> PROVIDED RECORDS:
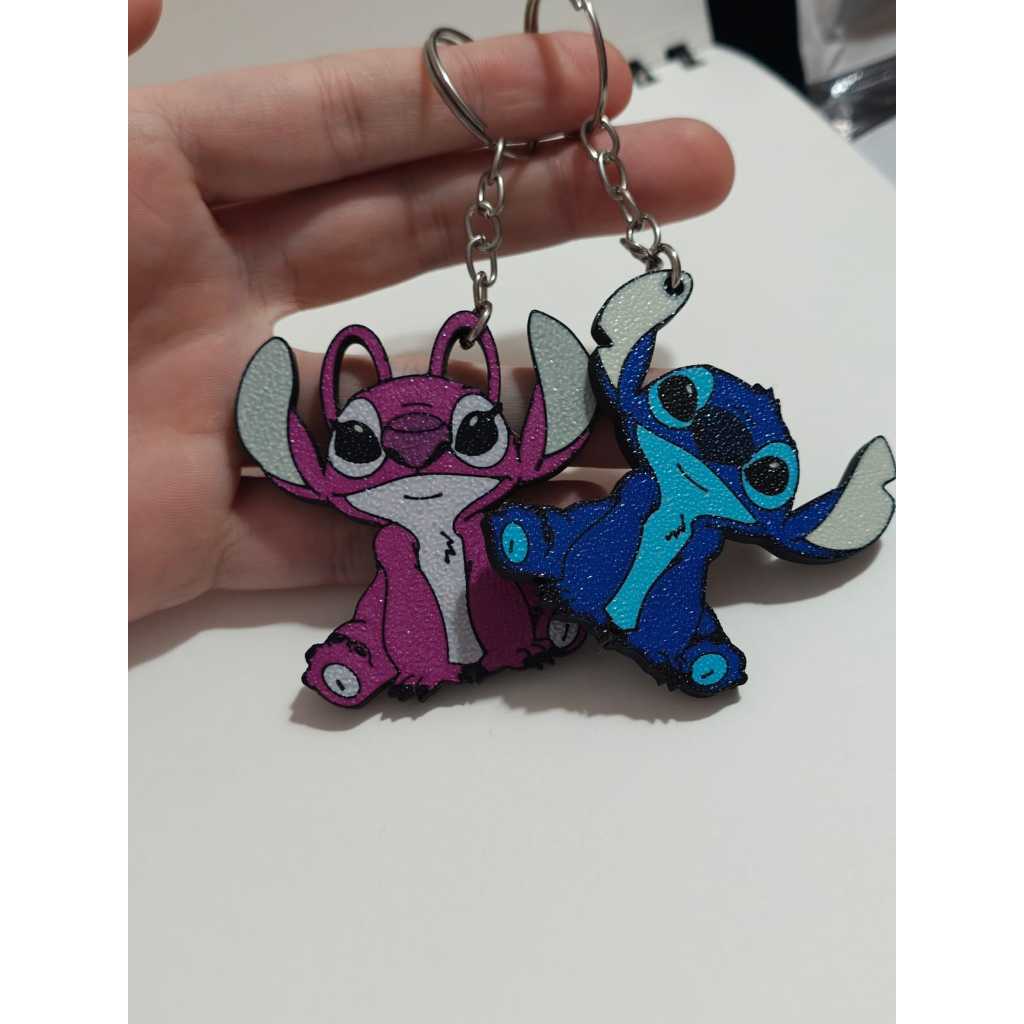 Chaveiro 3D Lilo & Stitch Angel Disney Desenho Nostalgia Cute Amor Casal Fofo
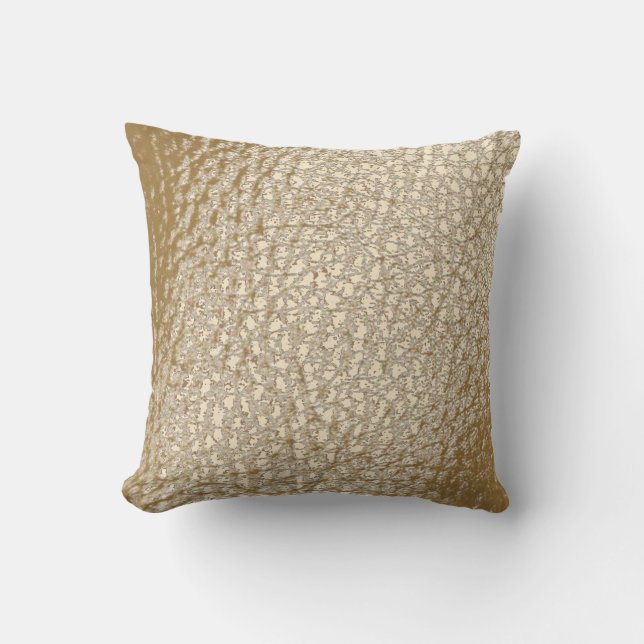 Coussin Faux Cuir Champagne Design Jeu d'Oreiller (Recto)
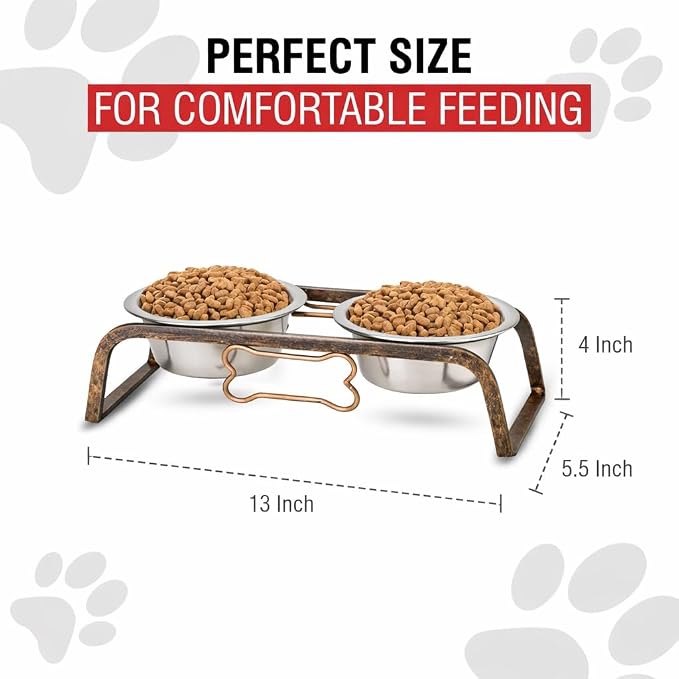 Loving Pets Elevated Dog Bowls – Raised Stainless Steel Dog Bowls with Steel Stand – Non-Skid, No Spill Feeder for Small, Medium & Large Dogs – Easy to Clean, Durable Raised Dog Feeding Station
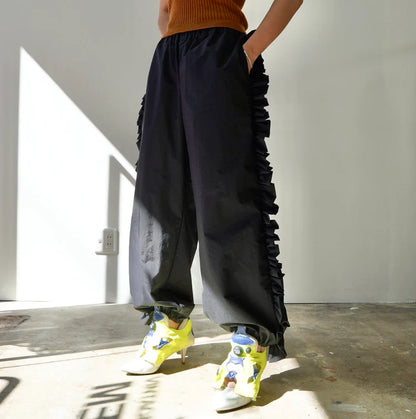 NON TOKYO FRILL TRUCK PANTS (BLACK)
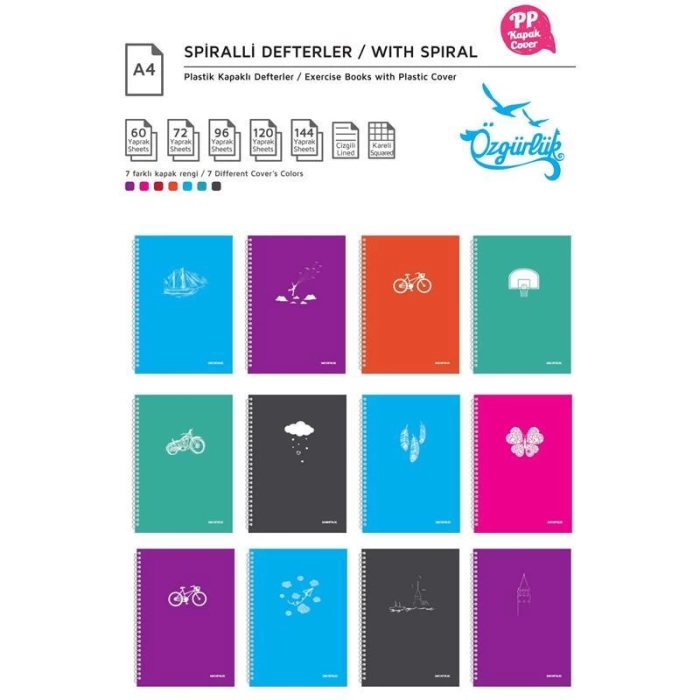 MOPAK 60 YP KARELİ SİPARALLİ ÖZGÜRLÜK SERİSİ DEFTER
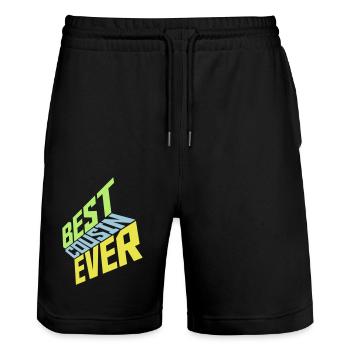 best cousin ever quote - Stanley/Stella Trainer Unisex Organic Jogging Shorts - black - Front - Nik (191cm) & Marisol (170cm)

> EXERCISE DESCRIPTION: The pictures in the data should be omitted, and every remaining line set down exactly.

> EXPECTED OUTPUT:
 Chaveiro 3D Lilo & Stitch Angel Disney Desenho Nostalgia Cute Amor Casal Fofo
 Coussin Faux Cuir Champagne Design Jeu d'Oreiller (Recto)
 Loving Pets Elevated Dog Bowls – Raised Stainless Steel Dog Bowls with Steel Stand – Non-Skid, No Spill Feeder for Small, Medium & Large Dogs – Easy to Clean, Durable Raised Dog Feeding Station
 NON TOKYO FRILL TRUCK PANTS (BLACK)
 MOPAK 60 YP KARELİ SİPARALLİ ÖZGÜRLÜK SERİSİ DEFTER
 best cousin ever quote - Stanley/Stella Trainer Unisex Organic Jogging Shorts - black - Front - Nik (191cm) & Marisol (170cm)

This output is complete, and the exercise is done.